> _Exercise prompt_: Produce a word-for-word copy of the data that follows, excluding images.

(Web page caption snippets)
▼

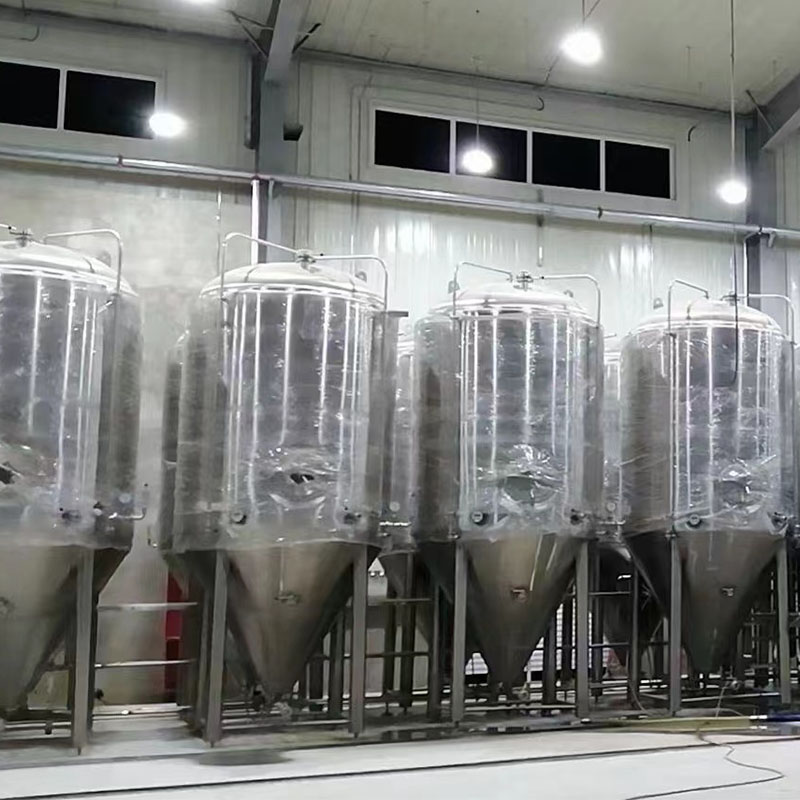 萝北精酿啤酒设备厂—精酿啤酒设备主要生产工艺与核心技术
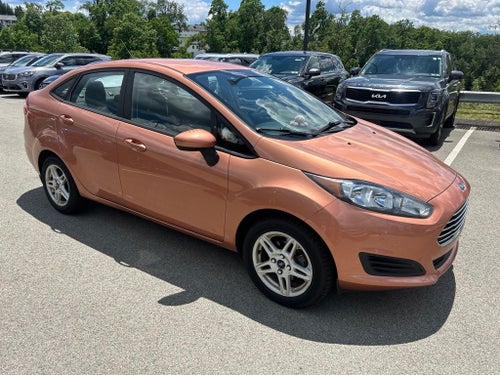 2017 Ford Fiesta SE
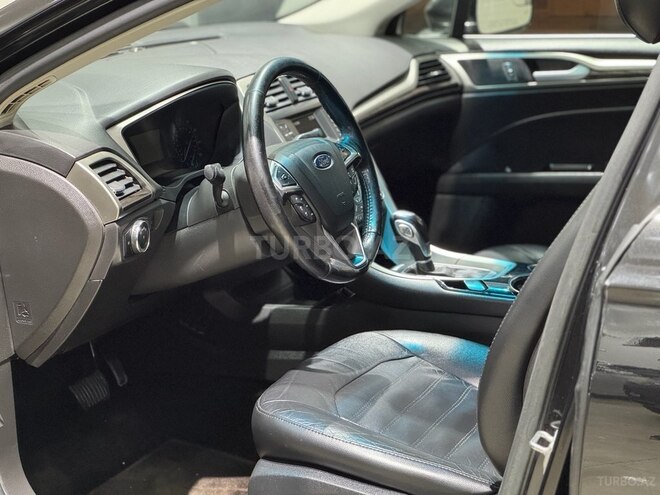 Ford Fusion (North America) 2014, 227,000 km - 1.5 l - Bakı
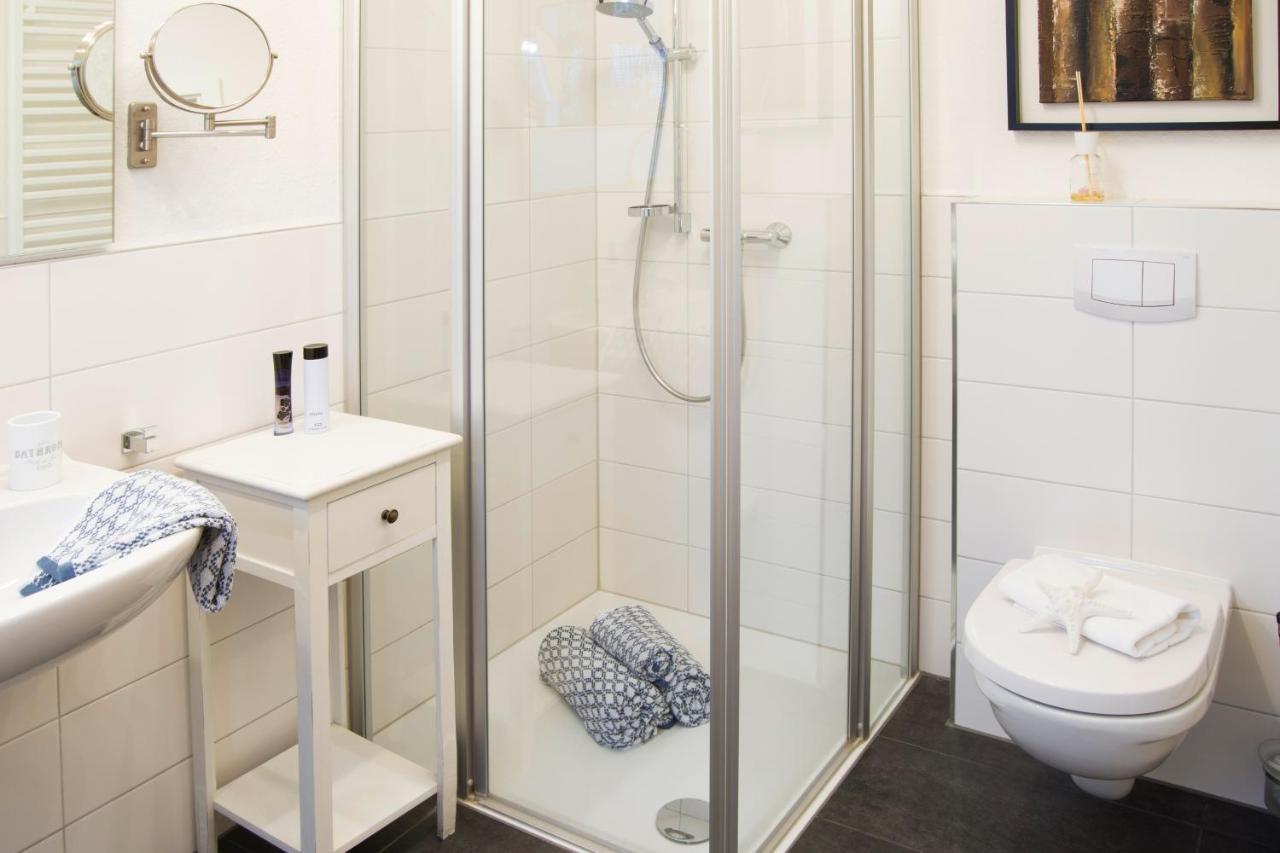 Ferienwohnung Westindien Flensburg Bagian luar foto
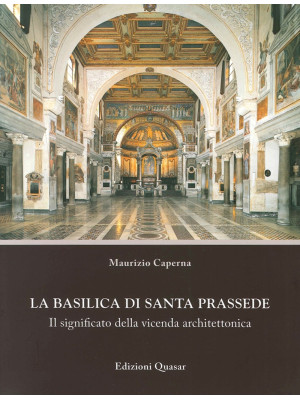 La basilica di Santa Prasse...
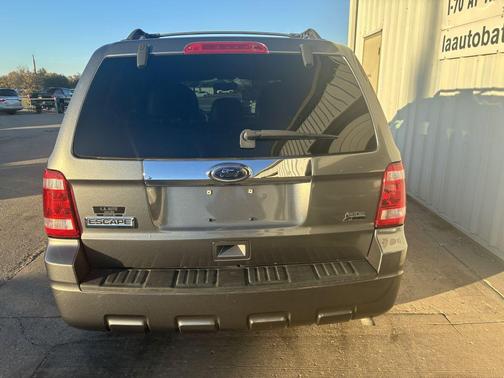 2010 Ford Escape Limited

▲

> _Output_:
 萝北精酿啤酒设备厂—精酿啤酒设备主要生产工艺与核心技术
 2017 Ford Fiesta SE
 Ford Fusion (North America) 2014, 227,000 km - 1.5 l - Bakı
 Ferienwohnung Westindien Flensburg Bagian luar foto
 La basilica di Santa Prasse...
 2010 Ford Escape Limited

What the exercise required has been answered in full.